(Brief descriptive captions)
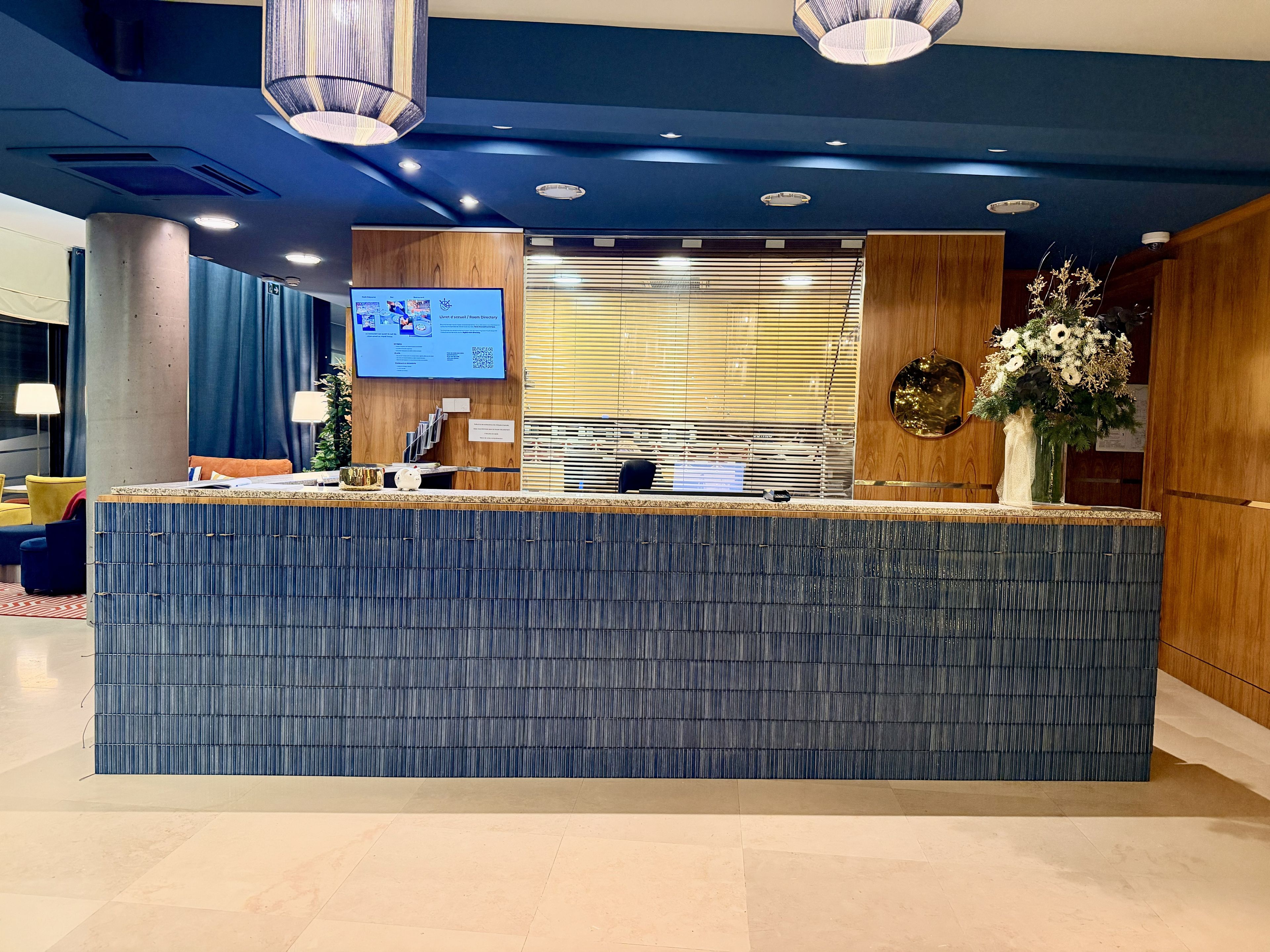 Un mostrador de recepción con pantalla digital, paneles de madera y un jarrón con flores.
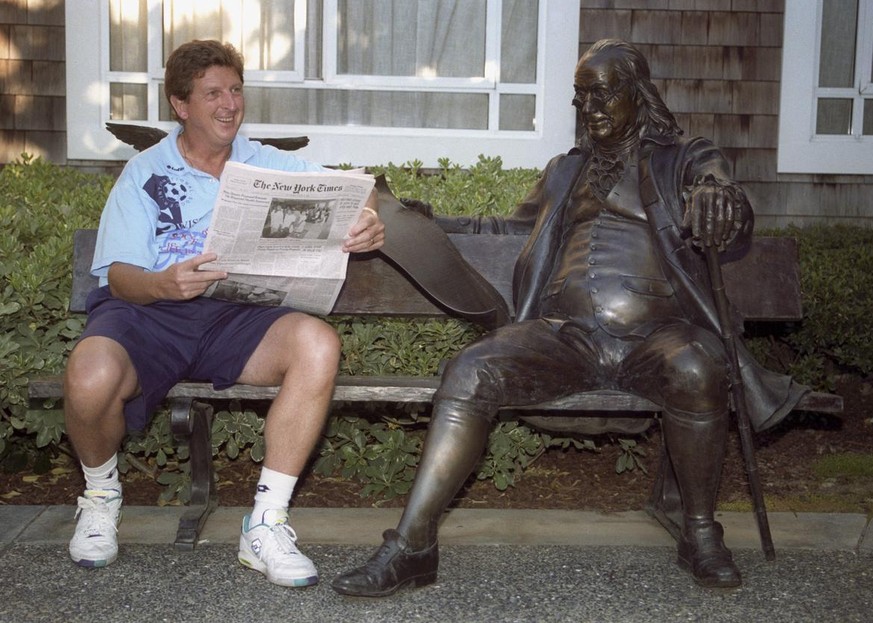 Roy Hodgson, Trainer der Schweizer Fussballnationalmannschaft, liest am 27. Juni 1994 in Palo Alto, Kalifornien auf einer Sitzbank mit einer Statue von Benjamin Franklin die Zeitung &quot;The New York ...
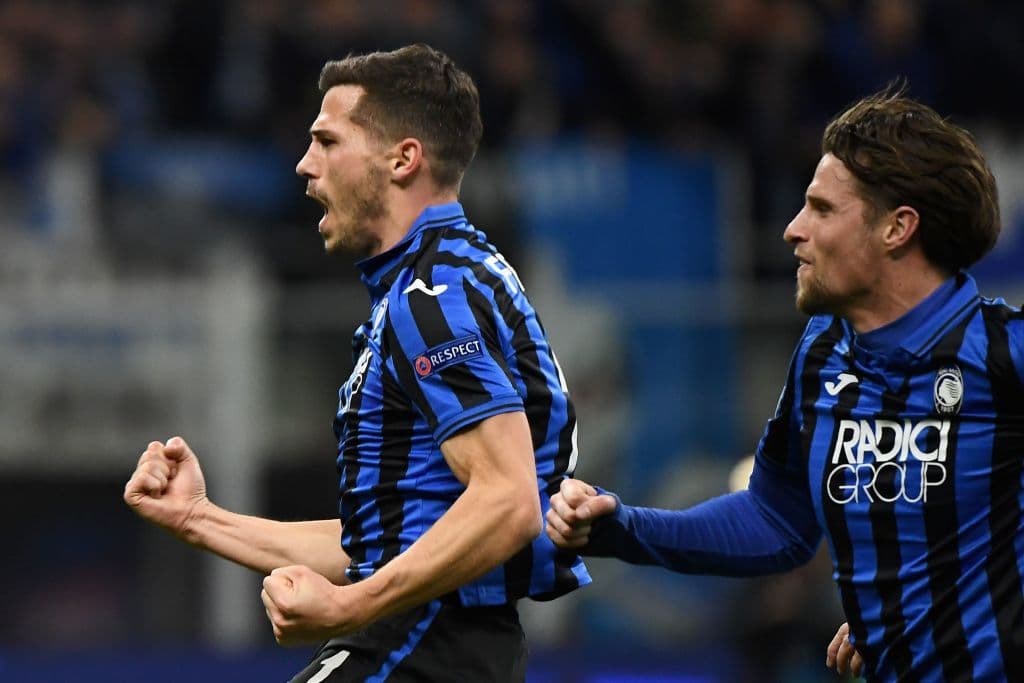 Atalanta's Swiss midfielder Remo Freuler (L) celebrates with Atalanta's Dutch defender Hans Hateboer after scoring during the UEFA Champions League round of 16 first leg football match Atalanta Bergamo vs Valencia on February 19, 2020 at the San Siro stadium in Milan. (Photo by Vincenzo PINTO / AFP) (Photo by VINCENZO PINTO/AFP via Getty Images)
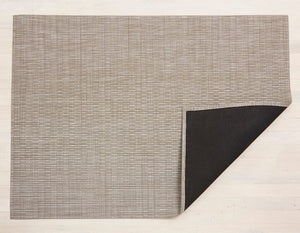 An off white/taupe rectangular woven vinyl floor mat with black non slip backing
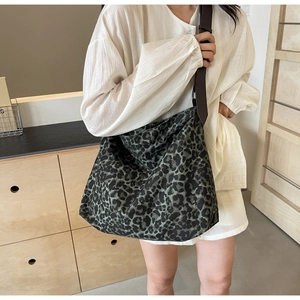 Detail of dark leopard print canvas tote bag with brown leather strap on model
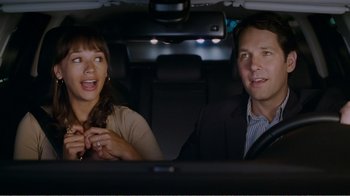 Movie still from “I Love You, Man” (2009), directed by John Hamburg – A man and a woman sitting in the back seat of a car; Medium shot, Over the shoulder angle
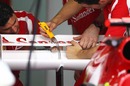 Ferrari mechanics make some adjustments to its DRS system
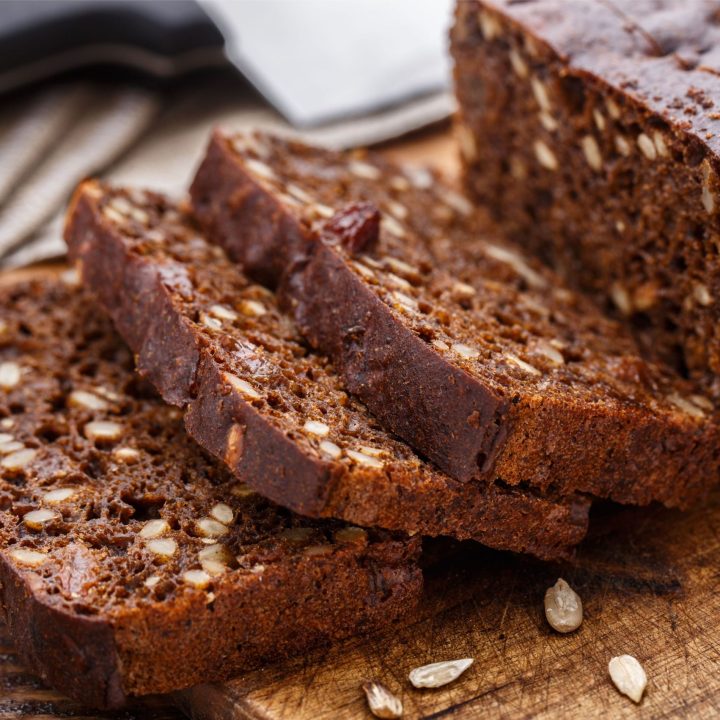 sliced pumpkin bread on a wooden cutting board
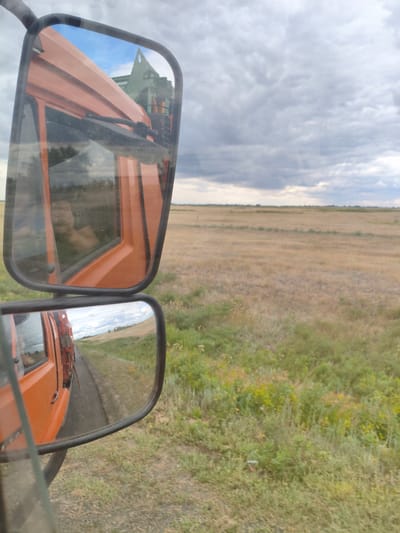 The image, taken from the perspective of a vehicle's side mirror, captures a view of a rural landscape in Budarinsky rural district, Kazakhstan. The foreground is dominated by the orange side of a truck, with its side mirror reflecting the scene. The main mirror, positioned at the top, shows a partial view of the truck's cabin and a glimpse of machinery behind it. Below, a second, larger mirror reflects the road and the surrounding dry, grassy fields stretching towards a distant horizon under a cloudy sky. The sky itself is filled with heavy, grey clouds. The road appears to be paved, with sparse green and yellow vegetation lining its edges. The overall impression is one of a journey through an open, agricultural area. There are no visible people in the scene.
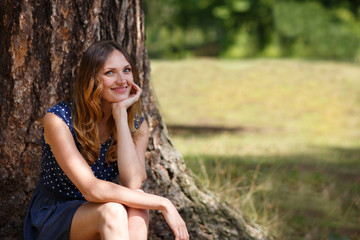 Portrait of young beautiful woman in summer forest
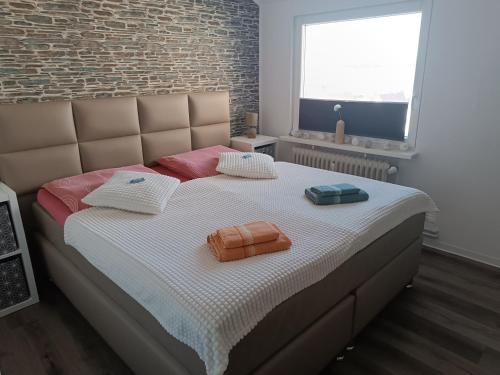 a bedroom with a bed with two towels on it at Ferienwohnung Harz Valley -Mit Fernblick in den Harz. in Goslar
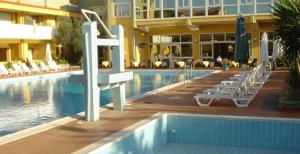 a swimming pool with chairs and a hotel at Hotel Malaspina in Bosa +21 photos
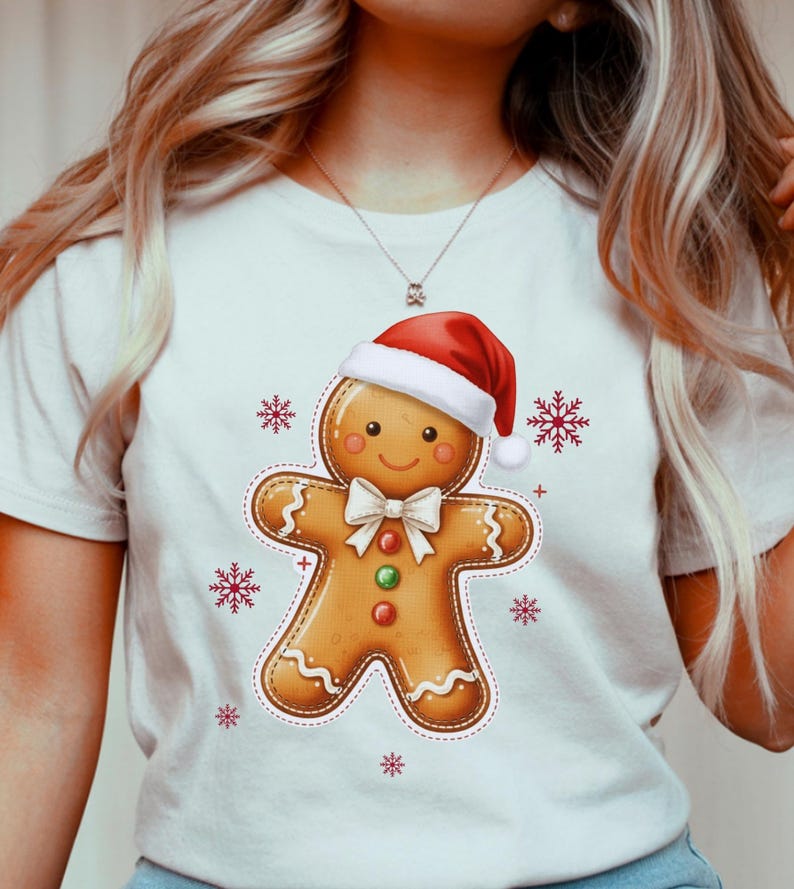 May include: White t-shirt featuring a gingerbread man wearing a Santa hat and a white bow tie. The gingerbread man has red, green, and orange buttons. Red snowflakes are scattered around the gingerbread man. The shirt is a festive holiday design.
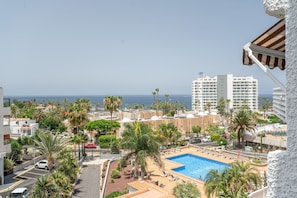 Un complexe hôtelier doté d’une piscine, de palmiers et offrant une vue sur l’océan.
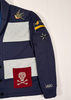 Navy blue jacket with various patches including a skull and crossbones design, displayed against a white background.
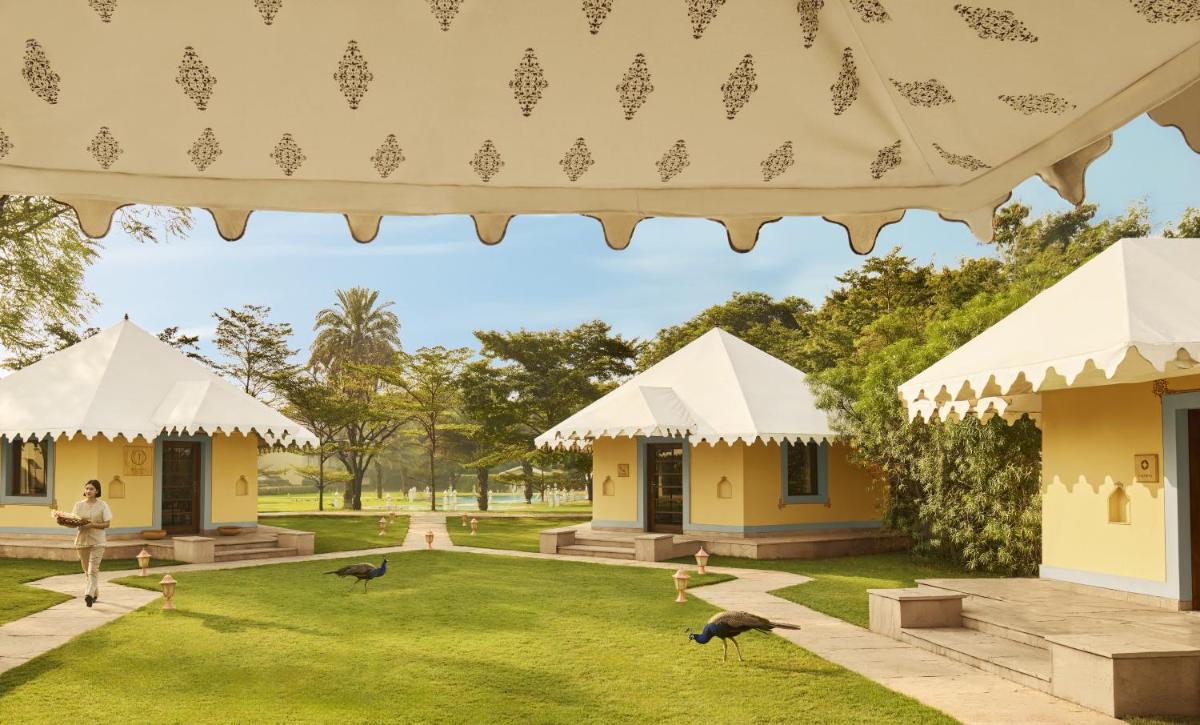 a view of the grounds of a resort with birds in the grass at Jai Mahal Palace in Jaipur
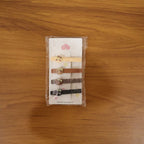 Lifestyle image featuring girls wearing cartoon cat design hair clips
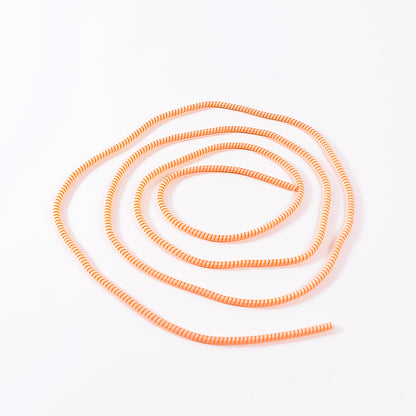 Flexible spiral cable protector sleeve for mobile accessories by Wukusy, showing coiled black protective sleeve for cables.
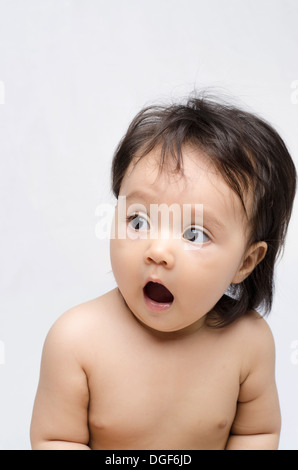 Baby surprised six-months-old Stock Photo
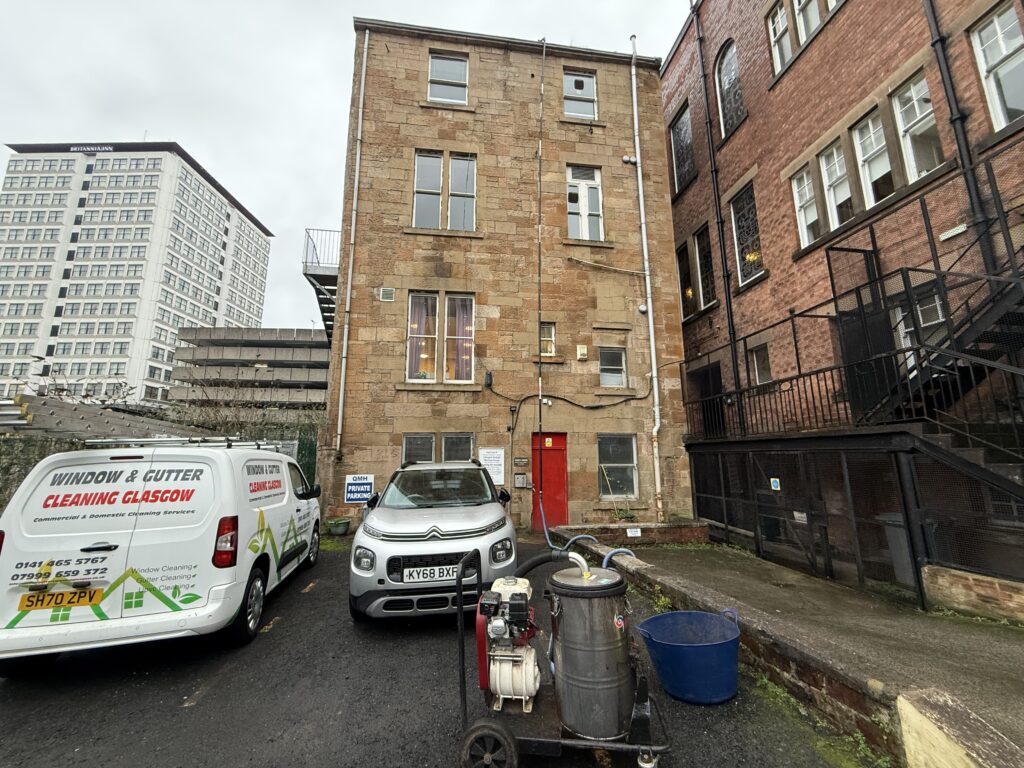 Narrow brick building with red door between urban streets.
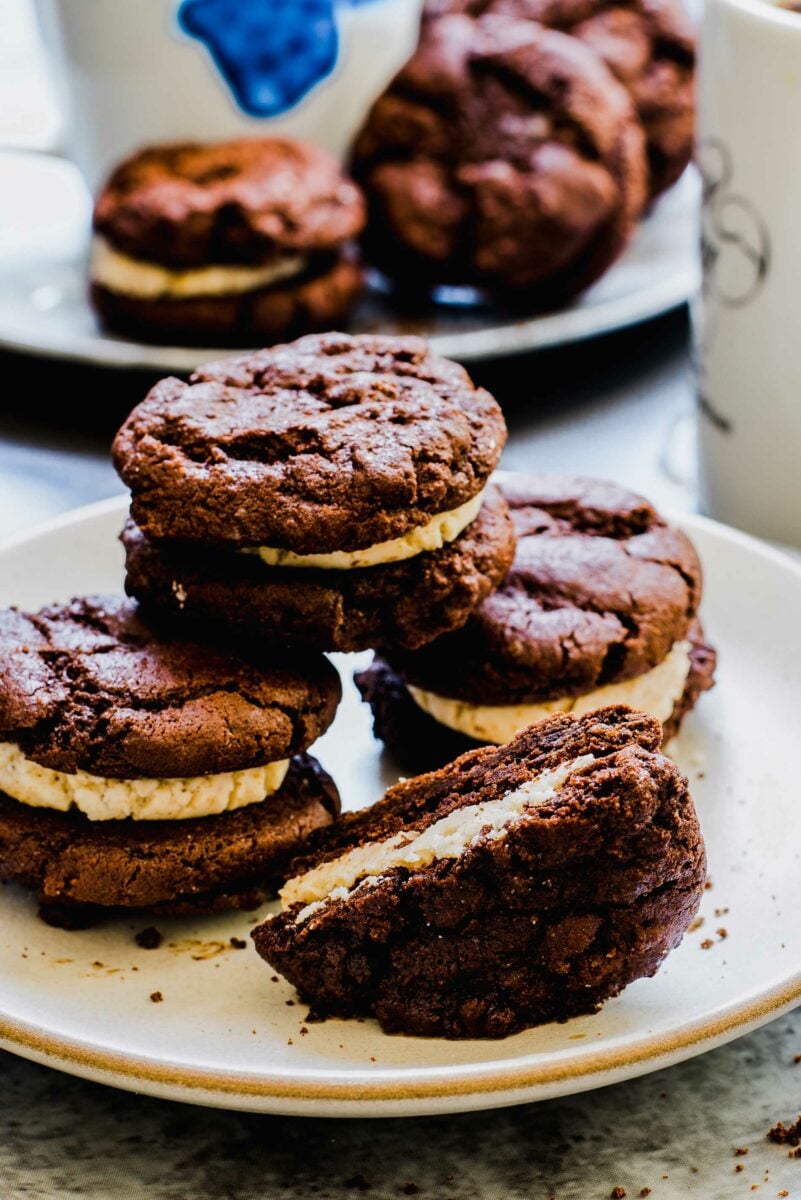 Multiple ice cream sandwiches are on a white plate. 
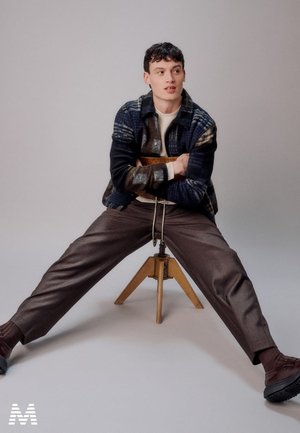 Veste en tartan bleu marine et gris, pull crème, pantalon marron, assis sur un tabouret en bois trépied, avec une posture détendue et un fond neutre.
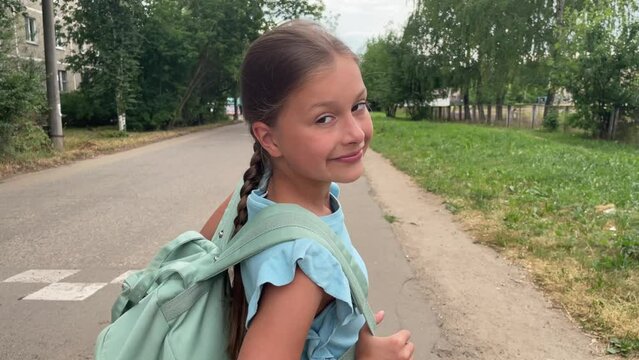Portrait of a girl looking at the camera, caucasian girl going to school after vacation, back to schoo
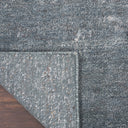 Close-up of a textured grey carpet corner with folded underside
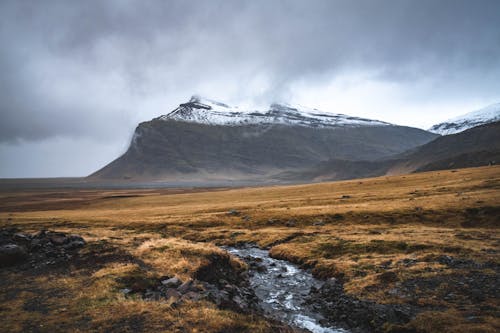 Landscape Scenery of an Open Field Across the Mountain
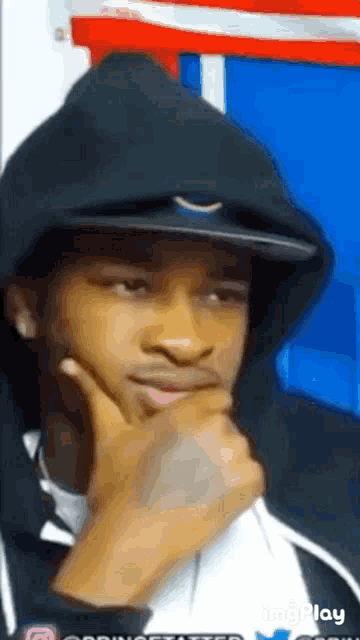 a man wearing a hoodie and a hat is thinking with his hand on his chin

ACTION ITEM: Set the pictures aside and transcribe exactly the stretch of lines above, beginning with the one holding "sliced pumpkin bread" and ending with the one holding "Lifestyle image featuring".

WORKED SOLUTION:
 sliced pumpkin bread on a wooden cutting board
 The image, taken from the perspective of a vehicle's side mirror, captures a view of a rural landscape in Budarinsky rural district, Kazakhstan. The foreground is dominated by the orange side of a truck, with its side mirror reflecting the scene. The main mirror, positioned at the top, shows a partial view of the truck's cabin and a glimpse of machinery behind it. Below, a second, larger mirror reflects the road and the surrounding dry, grassy fields stretching towards a distant horizon under a cloudy sky. The sky itself is filled with heavy, grey clouds. The road appears to be paved, with sparse green and yellow vegetation lining its edges. The overall impression is one of a journey through an open, agricultural area. There are no visible people in the scene.
 Portrait of young beautiful woman in summer forest
 a bedroom with a bed with two towels on it at Ferienwohnung Harz Valley -Mit Fernblick in den Harz. in Goslar
 a swimming pool with chairs and a hotel at Hotel Malaspina in Bosa +21 photos
 May include: White t-shirt featuring a gingerbread man wearing a Santa hat and a white bow tie. The gingerbread man has red, green, and orange buttons. Red snowflakes are scattered around the gingerbread man. The shirt is a festive holiday design.
 Un complexe hôtelier doté d’une piscine, de palmiers et offrant une vue sur l’océan.
 Navy blue jacket with various patches including a skull and crossbones design, displayed against a white background.
 a view of the grounds of a resort with birds in the grass at Jai Mahal Palace in Jaipur
 Lifestyle image featuring girls wearing cartoon cat design hair clips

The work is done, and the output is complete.